The regulation of α-, β-, (BACE-1), and γ-secretase activities to alter β-amyloid (Aβ) generation is considered to be one of the most promising disease-modifying therapeutics for Alzheimer’s disease. In this study, the effect and mechanisms of bis(7)-tacrine (a promising anti-Alzheimer’s dimer) on Aβ generation were investigated. Bis(7)-tacrine (0.1-3 μM) substantially reduced the amounts of both secreted and intracellular Aβ in Neuro2a APPswe cells without altering the expression of APP. sAPPα and CTFα increased, while sAPPβ and CTFβ decreased significantly in Neuro2a APPswe cells following the treatment with bis(7)-tacrine, indicating that bis(7)-tacrine might activate α-secretase and/or inhibit BACE-1 activity.
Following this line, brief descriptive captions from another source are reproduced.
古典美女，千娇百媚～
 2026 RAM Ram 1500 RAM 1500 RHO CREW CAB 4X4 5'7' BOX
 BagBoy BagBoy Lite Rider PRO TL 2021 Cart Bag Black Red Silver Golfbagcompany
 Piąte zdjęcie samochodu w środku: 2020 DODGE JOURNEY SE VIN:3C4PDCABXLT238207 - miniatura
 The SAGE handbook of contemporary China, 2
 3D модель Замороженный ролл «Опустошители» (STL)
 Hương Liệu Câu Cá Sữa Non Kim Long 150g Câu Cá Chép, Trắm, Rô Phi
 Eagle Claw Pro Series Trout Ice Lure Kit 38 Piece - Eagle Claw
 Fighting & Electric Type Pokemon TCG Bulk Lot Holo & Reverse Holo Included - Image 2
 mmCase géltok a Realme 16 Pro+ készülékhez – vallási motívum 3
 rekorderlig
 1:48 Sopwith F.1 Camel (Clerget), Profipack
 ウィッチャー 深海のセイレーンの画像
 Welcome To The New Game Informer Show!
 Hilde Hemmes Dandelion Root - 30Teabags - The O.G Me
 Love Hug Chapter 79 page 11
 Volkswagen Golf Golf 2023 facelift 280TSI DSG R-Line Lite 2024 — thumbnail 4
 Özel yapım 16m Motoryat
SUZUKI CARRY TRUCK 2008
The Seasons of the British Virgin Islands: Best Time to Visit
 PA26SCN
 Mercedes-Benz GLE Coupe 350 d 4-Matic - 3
Furthermore, bis(7)-tacrine concentration-dependently inhibited BACE-1 activity in cultured cells, and also in recombinant human BACE-1 in a non-competitive manner with an IC₅₀ of 7.5 μM, but did not directly affect activities of BACE-2, Cathepsin D, α- or γ-secretase. Taken together, our results not only suggest that bis(7)-tacrine may reduce the biosynthesis of Aβ mainly by directly inhibiting BACE-1 activity, but also provide new insights into the rational design of novel anti-Alzheimer’s dimers that might have disease-modifying properties.